• [Information supplied]:

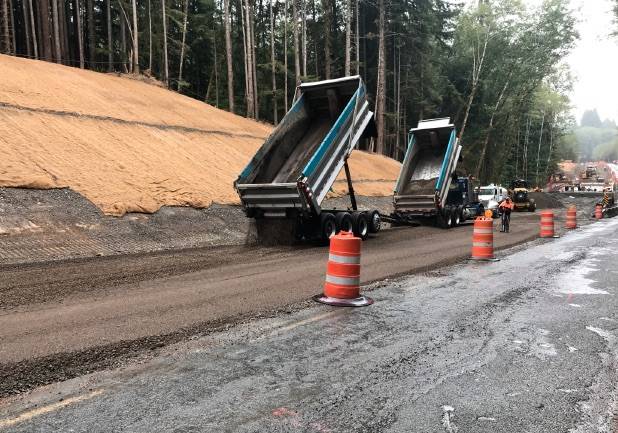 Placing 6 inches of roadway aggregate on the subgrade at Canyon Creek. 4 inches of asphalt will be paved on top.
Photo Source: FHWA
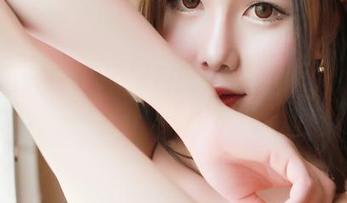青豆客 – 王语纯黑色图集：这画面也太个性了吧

• [Try it]:
The whole listing is to be retyped exactly, with its pictures removed.

• [Output below]:
 Placing 6 inches of roadway aggregate on the subgrade at Canyon Creek. 4 inches of asphalt will be paved on top.
Photo Source: FHWA
青豆客 – 王语纯黑色图集：这画面也太个性了吧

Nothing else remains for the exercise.